Expected: 9 pass, 0 fail across four scenarios:

block + poisoned → exit 2, structured decision=block JSON, reason text covers both an injection label and the AWS-key label.
warn + poisoned → exit 0, systemMessage JSON (no decision field).
off + poisoned → exit 0, no JSON on stdout (scan skipped).
block + benign → exit 0, no decision=block JSON (proves the gate is not a brick wall on benign content).

Hook involved

hooks/scripts/pre-compact-scan.mjs — invoked via child_process.spawnSync('node', [HOOK], { input: stdin }) to match the harness contract exactly. The hook reads the transcript via readTailCapped(filePath, MAX_BYTES), flattens JSONL message content via extractTextFromTranscript, then runs the two pattern sets. No Claude Code agent runtime is required.

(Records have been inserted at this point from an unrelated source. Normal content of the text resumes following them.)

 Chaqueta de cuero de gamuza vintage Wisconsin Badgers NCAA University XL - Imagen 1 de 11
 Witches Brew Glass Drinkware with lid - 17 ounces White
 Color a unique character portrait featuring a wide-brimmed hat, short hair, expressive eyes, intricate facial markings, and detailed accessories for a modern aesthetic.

The orchestrated /security audit flow does not run this hook (it's a runtime defence, not a scan-time check). This walkthrough exercises the runtime contract directly.

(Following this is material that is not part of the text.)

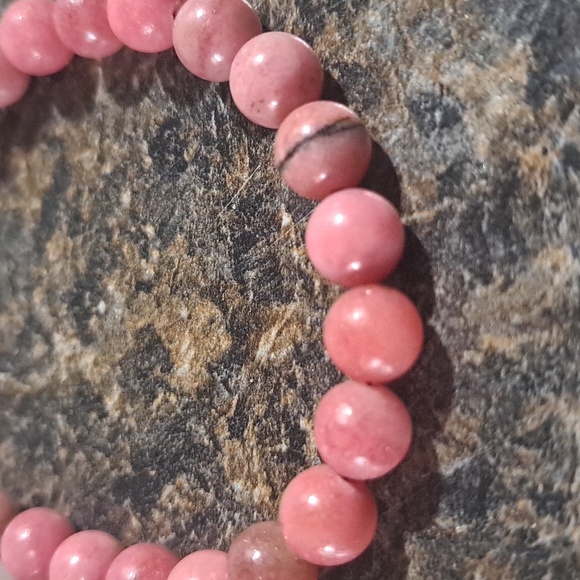 Pink Rhodinite and Zebra Jasper Bead Gemstone Bracelets - Picture 4 of 7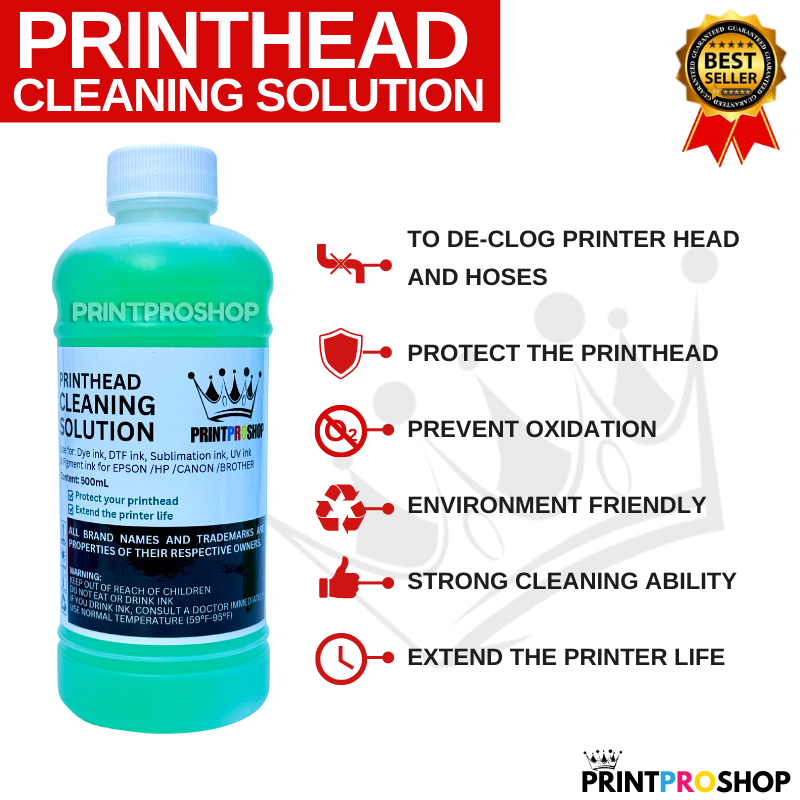1Liter 500ml Printhead Cleaning Solution Green for EP, Brother, HP ...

Why pre-compact poisoning matters

Compaction collapses long conversations into a summary that the model treats as authoritative context for the rest of the session. If a malicious tool result earlier in the conversation managed to sneak past post-mcp-verify (e.g., via a pattern not yet in the regex set), compaction can preserve a condensed form of the poison where the model can no longer see the surrounding "this came from a sketchy source" context. Worse, condensed summaries are smaller and so more likely to fit inside the attacker's preferred attention window.

pre-compact-scan is a second chance to catch poison that slipped past the runtime gates — a defence-in-depth pattern that matches the joint-paper finding that no single-layer defence holds against adaptive attacks.

OWASP / framework mapping

Code	Framework	Why
LLM01	OWASP LLM Top 10 (2025)	Prompt injection persisting through compaction
LLM02	OWASP LLM Top 10 (2025)	Sensitive information disclosure — credentials in transcript
ASI01	OWASP Agentic Top 10	Memory poisoning via condensed form
AT-1	DeepMind Agent Traps	Hidden cognitive priors carried across context boundary
AT-3	DeepMind Agent Traps	Tool-output indirection that survives summarisation

Limitations

MAX_BYTES defaults to 512 000 bytes. Earlier-in-history poison that does not appear in the last 512 KB of the transcript is not scanned. The cap exists for the documented <500 ms latency target on large transcripts. Tune via LLM_SECURITY_PRECOMPACT_MAX_BYTES.
The credential regex set is small by design (compaction is performance-sensitive). The full secrets regex set lives in pre-edit-secrets.mjs, which fires on a different event.
The hook does not modify the transcript — it only blocks compaction or emits an advisory. Poison that has already shaped the conversation may still influence the model in the current window.